When you have a HDD that can do 100 MBps and you put two of them in a mirrored vdev you get 200 MB/s reads because ZFS can read from each disk simultaneously and so the read speed doubles. Write speed is that of a single disk since ZFS has to write the same data to each disk.

Now if you have a pool with 4 vdevs consisting of 2 disk mirrors then your sequential read speed will be 800 MB/s and write speed will be 400 MB/s. The write speed quadruples because ZFS “stripes” the writes across each vdev. The zpool of 4 mirrored vdevs is essentially a stripe of 4 mirrored vdevs.

Now if you have 3 disk mirrors the read speed will be 300 MB/s of each disk and write speed that of a single disk which is 100 MB/s.

So following your “assumptions” where a stripe is at 100% performance, a all mirror zpool of 8 disks has a 400% write performance and 800% read performance.

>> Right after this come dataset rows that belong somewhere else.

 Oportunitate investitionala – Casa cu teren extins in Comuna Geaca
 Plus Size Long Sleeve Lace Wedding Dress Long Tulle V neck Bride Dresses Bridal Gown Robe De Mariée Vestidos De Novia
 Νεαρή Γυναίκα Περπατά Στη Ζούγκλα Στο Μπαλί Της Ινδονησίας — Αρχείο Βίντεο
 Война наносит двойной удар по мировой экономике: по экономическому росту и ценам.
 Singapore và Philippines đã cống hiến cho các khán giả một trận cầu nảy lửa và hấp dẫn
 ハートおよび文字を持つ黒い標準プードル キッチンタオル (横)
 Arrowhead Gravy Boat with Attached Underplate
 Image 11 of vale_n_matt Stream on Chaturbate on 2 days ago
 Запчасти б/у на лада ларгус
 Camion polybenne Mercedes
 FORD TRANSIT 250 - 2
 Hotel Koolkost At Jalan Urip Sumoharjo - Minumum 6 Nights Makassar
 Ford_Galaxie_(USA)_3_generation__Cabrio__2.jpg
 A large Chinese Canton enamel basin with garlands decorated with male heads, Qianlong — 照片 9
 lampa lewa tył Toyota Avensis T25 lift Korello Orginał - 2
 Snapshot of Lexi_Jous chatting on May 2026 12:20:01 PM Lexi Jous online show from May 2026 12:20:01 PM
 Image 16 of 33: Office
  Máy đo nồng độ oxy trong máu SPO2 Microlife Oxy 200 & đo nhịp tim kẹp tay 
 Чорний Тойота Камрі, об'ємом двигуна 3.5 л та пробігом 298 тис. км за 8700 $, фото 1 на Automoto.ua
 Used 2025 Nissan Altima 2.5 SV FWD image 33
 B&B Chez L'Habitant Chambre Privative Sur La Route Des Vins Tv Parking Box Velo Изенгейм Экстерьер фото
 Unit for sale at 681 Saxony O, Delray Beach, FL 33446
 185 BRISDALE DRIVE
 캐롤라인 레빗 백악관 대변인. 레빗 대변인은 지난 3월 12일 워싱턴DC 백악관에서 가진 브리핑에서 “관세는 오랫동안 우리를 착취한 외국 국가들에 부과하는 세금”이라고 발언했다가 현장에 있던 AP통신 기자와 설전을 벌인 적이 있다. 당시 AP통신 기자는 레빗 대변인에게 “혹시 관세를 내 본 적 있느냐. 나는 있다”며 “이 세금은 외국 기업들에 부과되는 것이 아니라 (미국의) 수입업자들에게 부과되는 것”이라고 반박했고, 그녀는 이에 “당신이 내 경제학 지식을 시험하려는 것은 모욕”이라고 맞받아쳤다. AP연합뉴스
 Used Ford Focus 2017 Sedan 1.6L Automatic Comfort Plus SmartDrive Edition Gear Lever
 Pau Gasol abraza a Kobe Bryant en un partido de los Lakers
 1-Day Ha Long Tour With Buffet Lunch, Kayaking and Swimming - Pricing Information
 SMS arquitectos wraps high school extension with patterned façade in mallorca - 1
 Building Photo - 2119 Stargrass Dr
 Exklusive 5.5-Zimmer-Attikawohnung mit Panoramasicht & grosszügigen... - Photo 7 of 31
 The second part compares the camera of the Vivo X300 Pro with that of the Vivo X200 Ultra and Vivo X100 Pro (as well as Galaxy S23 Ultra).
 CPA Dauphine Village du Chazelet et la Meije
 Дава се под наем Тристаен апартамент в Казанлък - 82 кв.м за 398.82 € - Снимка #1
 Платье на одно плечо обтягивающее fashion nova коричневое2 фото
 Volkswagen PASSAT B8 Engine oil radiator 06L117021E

Mirrors increase performance in ZFS.

NicKF · September 3, 2023, 2:08pm

Ti’s why this is a thread my dude, and tis why I mentioned infinite discalimers.

vic · September 3, 2023, 5:48pm

Practically for a HDDs pool, what are the benefits of a Mirror VDEV having more than two HDDs? I can’t see any.

IMO, it’s throwing away money for diminished gain on disk fault protection. 1/3 of effective storage capacity hurts even thinking about it. At the same time, increased read throughput and IOPS are not beneficial however you look at it.

Using your example a HDD of 100MByte per second read/write throughput. 300MByte per second read from a 3-disk Mirror VDEV is nothing by today’s standard for local access. For over the network access, Ethernet/WiFi is the bottleneck for most home environment.

A typical home (or perhaps most homes) has 1Gbit per second network which tops out ~110MByte per second transfer speed. Also, a typical home won’t have multiple 1Gbit per second read access going into your NAS at the same time either. Wider than 2 disk Mirror VDEV serves no meaningful purpose.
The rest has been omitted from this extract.